» **PROBLEM TO SOLVE**:
Write out each line of the entries exactly, starting at the first and finishing with the line that contains "Brassière trail SALOMON".
----------
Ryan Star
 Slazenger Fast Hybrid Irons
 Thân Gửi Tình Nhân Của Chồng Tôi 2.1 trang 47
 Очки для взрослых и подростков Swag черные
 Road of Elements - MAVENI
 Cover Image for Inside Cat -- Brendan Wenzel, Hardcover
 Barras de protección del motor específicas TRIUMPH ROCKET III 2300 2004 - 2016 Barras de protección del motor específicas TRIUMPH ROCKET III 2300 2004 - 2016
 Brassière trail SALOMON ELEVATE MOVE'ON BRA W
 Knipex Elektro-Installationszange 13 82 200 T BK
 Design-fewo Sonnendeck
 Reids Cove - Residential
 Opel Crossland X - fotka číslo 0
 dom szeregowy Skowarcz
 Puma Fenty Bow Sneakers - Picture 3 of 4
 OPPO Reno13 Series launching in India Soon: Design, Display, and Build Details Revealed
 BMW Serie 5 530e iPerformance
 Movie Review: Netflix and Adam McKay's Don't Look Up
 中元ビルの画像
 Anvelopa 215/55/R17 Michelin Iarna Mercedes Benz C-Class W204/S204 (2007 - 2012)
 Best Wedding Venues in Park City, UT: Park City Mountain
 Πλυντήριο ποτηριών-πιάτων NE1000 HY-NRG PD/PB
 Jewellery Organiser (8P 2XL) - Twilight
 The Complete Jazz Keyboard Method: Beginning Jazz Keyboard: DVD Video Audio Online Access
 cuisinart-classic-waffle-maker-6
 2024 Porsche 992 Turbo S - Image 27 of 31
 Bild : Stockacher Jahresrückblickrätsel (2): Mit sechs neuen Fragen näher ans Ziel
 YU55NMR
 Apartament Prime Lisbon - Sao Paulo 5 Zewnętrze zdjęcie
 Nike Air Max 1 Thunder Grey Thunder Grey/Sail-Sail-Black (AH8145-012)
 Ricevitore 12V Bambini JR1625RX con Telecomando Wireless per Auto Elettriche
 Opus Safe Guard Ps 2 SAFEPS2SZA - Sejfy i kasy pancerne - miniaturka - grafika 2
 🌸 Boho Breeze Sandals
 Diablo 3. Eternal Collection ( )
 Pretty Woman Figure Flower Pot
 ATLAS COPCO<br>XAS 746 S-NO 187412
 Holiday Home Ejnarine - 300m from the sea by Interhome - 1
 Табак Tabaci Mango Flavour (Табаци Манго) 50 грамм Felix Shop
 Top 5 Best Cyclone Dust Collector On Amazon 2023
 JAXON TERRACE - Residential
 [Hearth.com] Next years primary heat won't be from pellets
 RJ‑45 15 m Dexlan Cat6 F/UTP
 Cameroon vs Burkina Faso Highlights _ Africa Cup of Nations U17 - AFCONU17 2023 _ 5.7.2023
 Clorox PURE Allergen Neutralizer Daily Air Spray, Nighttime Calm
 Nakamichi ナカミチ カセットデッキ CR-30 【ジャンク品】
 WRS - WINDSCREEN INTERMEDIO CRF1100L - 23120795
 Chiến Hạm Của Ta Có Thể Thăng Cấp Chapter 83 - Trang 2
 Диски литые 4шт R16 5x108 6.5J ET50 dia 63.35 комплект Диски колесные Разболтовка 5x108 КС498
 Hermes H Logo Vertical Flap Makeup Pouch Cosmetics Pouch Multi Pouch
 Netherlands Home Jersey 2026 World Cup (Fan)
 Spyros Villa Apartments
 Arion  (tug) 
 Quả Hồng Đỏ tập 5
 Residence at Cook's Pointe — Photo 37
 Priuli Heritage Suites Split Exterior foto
----------
» **TASK SOLUTION**:
Ryan Star
 Slazenger Fast Hybrid Irons
 Thân Gửi Tình Nhân Của Chồng Tôi 2.1 trang 47
 Очки для взрослых и подростков Swag черные
 Road of Elements - MAVENI
 Cover Image for Inside Cat -- Brendan Wenzel, Hardcover
 Barras de protección del motor específicas TRIUMPH ROCKET III 2300 2004 - 2016 Barras de protección del motor específicas TRIUMPH ROCKET III 2300 2004 - 2016
 Brassière trail SALOMON ELEVATE MOVE'ON BRA W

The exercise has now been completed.